Open mfridman opened 9 months ago

mfridman commented 9 months ago

go test -cover now prints coverage summaries for covered packages that do not have their own test files. Prior to Go 1.22 a go test -cover run for such a package would report

? mymod/mypack [no test files]

and now with Go 1.22, functions in the package are treated as uncovered:

mymod/mypack coverage: 0.0% of statements

Reference: go1.22 Release Notes

We'll need to handle this, since ?.*[no test files] was the only way to get at packages without test files.

mfridman commented 7 months ago

From the release notes, https://tip.golang.org/doc/go1.22#tools

go test -cover now prints coverage summaries for covered packages that do not have their own test files.
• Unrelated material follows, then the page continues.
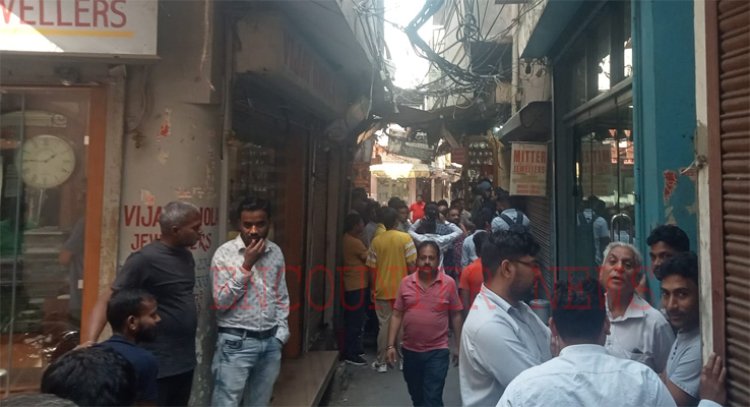जालंधरः सराफा बाजार में व्यक्ति ने जज प्रधान को लगाई आग, हालत गंभीर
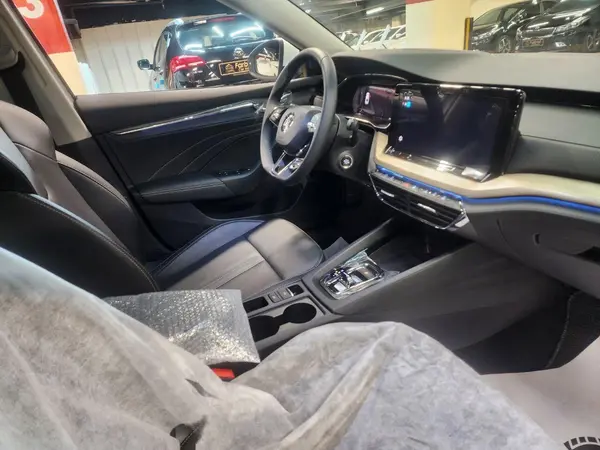 اشکودا، اوکتاویا پرو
Prior to Go 1.22 a go test -cover run for such a package would report

? mymod/mypack [no test files]

and now with Go 1.22, functions in the package are treated as uncovered:

mymod/mypack coverage: 0.0% of statements

Note that if a package contains no executable code at all, we can't report a meaningful coverage percentage; for such packages the go tool will continue to report that there are no test files.

Example

CleanShot 2024-02-08 at 18 38 09@2x

I dunno, I kind of liked the previous behaviour because it was obvious the package contained no tests, seems like a step back?

Dropped a https://github.com/golang/go/issues/24570#issuecomment-1935119394 upstream, but I think that's moot. And I'm probably in the minority that preferred the existing behaviour, so there's probably not much we can do here to aid users outside suggestion scanning for 0.0% when running -cover.